Bolt goes on to say: Let me be clear: I believe Bongiorno. The royal commission believed Bongiorno. The ABC believes him. The media also believes he knew nothing. But why won’t they also believe George Pell? Is it because Bongiorno is of the Left and Pell of the Right? Because Bongiorno left the church, but Pell became a symbol of it?  

Bolt gave a more detailed account of this episode in a article in The Herald Sun 4 years ago (27 May 2016) entitled Why is Bongiorno not vilified as was Pell? Why is Pell the scapegoat?

Gerard Henderson and I accept the word of both Pell and Bongiorno that they had no idea of what Ridsdale was up to. Now, what I've said so far has been reported before, including on this blog. But now Henderson has uncovered an even more incredible example of double standards - of Pell being hounded for what seems excused in Bongiorno, and, moreover, not even reported.

Henderson: It’s a matter of record that the media has not reported some statements made to the Royal Commission with respect to Paul Bongiorno while, at the same time, covering George Pell’s appearances in extraordinary detail. 

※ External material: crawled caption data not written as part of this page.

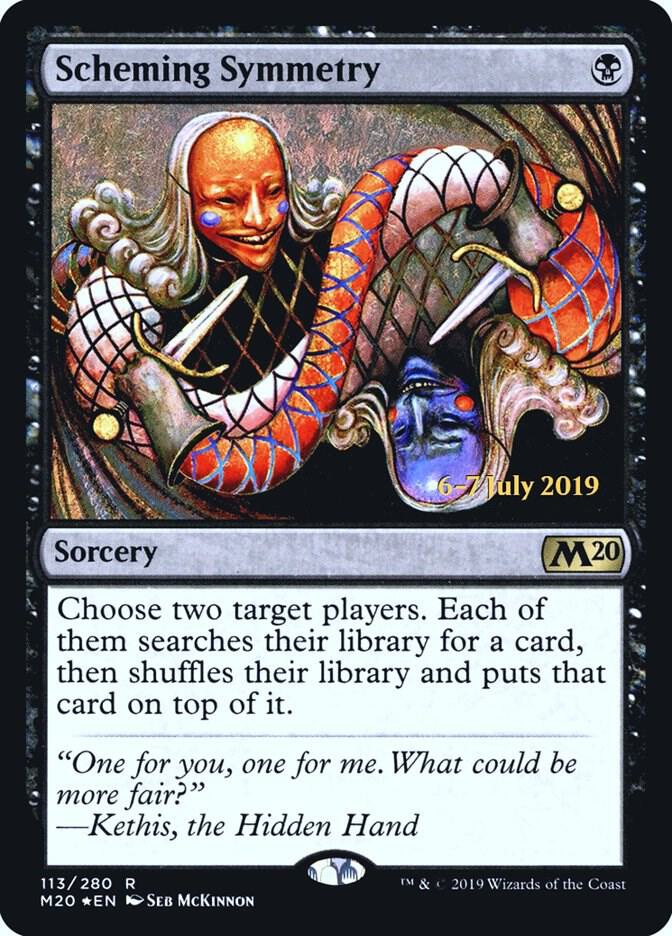 Scheming Symmetry [Prerelease Cards] 113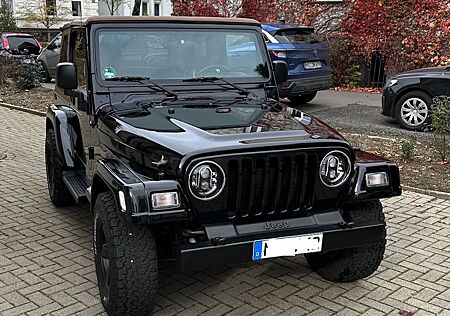 Jeep Wrangler "ein echter Hingucker"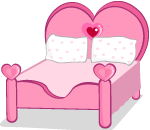 Heart Bed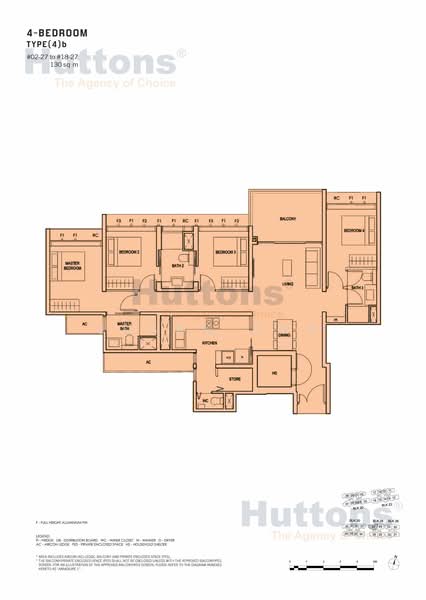Penrose, 28 Sims Drive, 4 Bedrooms, 1,399 sqft, Condominium For Rent, by Susan Ang, 25485963 - PropertyGuru.com.sg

On 29 October 2015 an anonymous victim of Ridsdale – given the title “BPL” by the Royal Commission – made a statement to the Royal Commission. It reads in part: 

9. I first came into contact with RIDSDALE on three or four occasions in 1970 and 1971 in or around Warrnambool. 
10.  I was sexually abused by RIDSDALE on three or four occasions in 1970 and 1971 in or around Warrnambool. 
11. Around the time of the abuse I went on a boys’ camp just outside of Warrnambool, to a little place I think was called Crossley. I went with some other boys from my class. It was organised though the school, I think as a sort of sex-education camp. They showed us a film about the birds and the bees. 
12. Father BONGIORNO, who was a priest in the parish at the time, came on the camp. There were also a couple of Christian Brothers at the camp, but I can’t remember which ones. 
13. When we were at the camp, I talked to Father BONGIORNO. It was only a brief conversation. I told him how RIDSDALE had approached me one afternoon in the bathroom of the presbytery after I had served at a wedding service. RIDSDALE had asked me how much I ejaculated and had said that he would get a teaspoon to measure it and check if it was “normal”. 
14. I also told Father BONGIORNO that I believed that similar things had happened with my younger brother Michael, who was also an altar server. Father BONGIORNO said, “Look, it’s a real problem. Me and Father BORPHY have talked to Monsignor FISCALINI about it and he is sorting it out with the Bishop”. Father BONGIORNO said he couldn’t do anything further and told me to talk to Monsignor FISCALINI about it. 
15. Father BONGIORNO was the first person I told about the abuse. He left the priesthood shortly after that camp…. 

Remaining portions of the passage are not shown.